PADA waktu Yesus mengadakan pembicaraan-Nya yang terakhir dengan para murid-Nya, Ia mengatakan kepada mereka: “Bapa akan memberikan kepadamu seorang penolong yang lain, supaya Ia menyertai kamu, yaitu Roh Kebenaran” (Yoh. 14, 16).
Setelah Yesus bangkit dari antara orang mati, Ia menampakkan diri kepada para murid-Nya, Ia menghembusi mereka dan berkata: “Terimalah Roh Kudus. Jikalau kamu mengampuni dosa orang, dosanya akan diampuni, dan jikalau kamu menyatakan dosa orang tetap ada, dosanya tetap ada” (Yoh. 20, 22-23). Roh yang dikaruniakan kepada para murid adalah Roh Pengampunan. Pertolongan yang paling dibutuhkan oleh murid-murid Yesus adalah daya untuk mengampuni.
Dosa yang diwarisi oleh setiap orang yang datang ke dunia ini adalah dosa ‘menyimpan dan membalas dendam’. Dan itulah yang membuat kita menjadi budak, orang yang tidak bebas, orang yang terikat. Kita semua diciptakan sebagai manusia yang terbatas dalam kemampuan kita.
Mau-tak-mau dalam kelakuan kita, dalam pergaulan kita dengan sesama kita, kita akan melukai mereka dan kita sendiri akan dilukai. Kita akan menyinggung perasaan orang dan perasaan kita akan disinggung. Kita tidak akan langsung membalasnya, kita menyimpannya dalam hati kita, dan menunggu kesempatan yang lebih cocok untuk membalasnya. Karena langsung membalas
dianggap orang tidak sopan, dan kita akan memainkan nama dan kehormatan kita sendiri.

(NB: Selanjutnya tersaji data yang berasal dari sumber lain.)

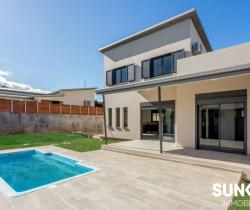 Maison / Villa 4 pièce(s)  88 m2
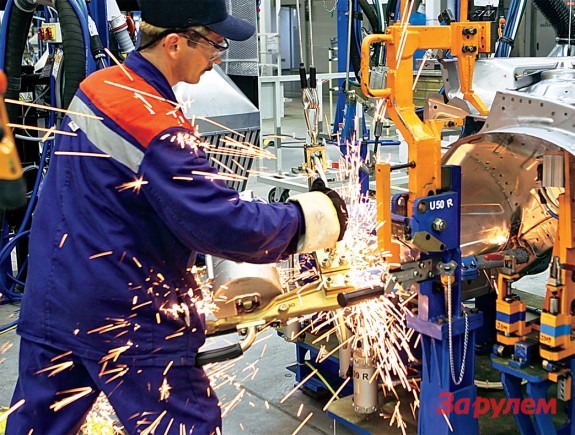 Завод «Дженерал моторс» в Санкт-Петербурге рассчитан на производство 100 тыс. машин в год по полному циклу – со сваркой, окраской и сборкой.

Menunggu kesempatan lebih strategis. Sikap kita bersama itulah yang menciptakan suasana yang kurang nyaman. Karena suasana yang kita ciptakan adalah suasana pemburu. Kita selalu harus waspada dan hati-hati, karena kita mencari kesempatan untuk menyerang dan menjaga supaya tidak menjadi sasaran orang lain.
Kita tidak akan mencari kesempatan untuk membalas lagi, pada saat kita mampu untuk mengampuni ‘mereka yang bersalah kepada kita’.
Mengampuni itu tidak gampang, karena kita akan merasa ‘dikalahkan’. Dan pasti kita tidak mau dikalahkan, karena kita pasti berpikir bahwa ada kaitannya dengan ‘harga diri’ kita. Tetapi dengan tidak mengampuni, kita mempertahankan rantai balas-membalas dan keangkuhan diri dalam suasana hidup dimana setiap orang bisa menjadi pemburu dan sasaran. Kita memilih untuk tetap tinggal dalam suasana dosa dimana kita masuk sejak lahir.
Yesus menawarkan seorang penolong untuk mengatasi kekecilan hati kita. Dia yang mengajar kita untuk mengampuni, Roh Pengampunan, Roh Kebenaran. Dia yang akan membuka mata kita untuk kebenaran bahwa kita sendiri ikut menciptakan suasana yang sebenarnya kita benci dengan terus tidak mau mengampuni dan tetap mau mempertahankan sikap kita yang salah. Tetapi Roh Kebenaran itu juga akan membuka mata kita untuk kerahiman Ilahi yang menerima kita
sebagaimana adanya, lengkap dengan segala sikap benci, keras kepala dan kekurangan kita. Yesus menasehatkan murid-Nya: “Jikalau kamu mengampuni dosa dan kesalahan orang, dosanya diampuni! Dan jikalau kamu menyatakan dosa orang tetap ada, dosanya tetap ada” (Yoh. 20, 23).
Pada saat kita mengampuni orang yang membuat kesalahan terhadap kita, beban dan tekanan di dalam diri kita yang disebabkan oleh kesalahan itu, lenyap pada saat itu juga. Tetapi jikalau kita keras kepala, kesalahan itu akan terus mengejar kita dan luka di dalam hati kita tidak pernah akan sembuh.
“Ampunilah kesalahan kami, seperti kamipun mengampuni yang bersalah kepada kami …”.
“Bebaskanlah kami dari yang jahat!”.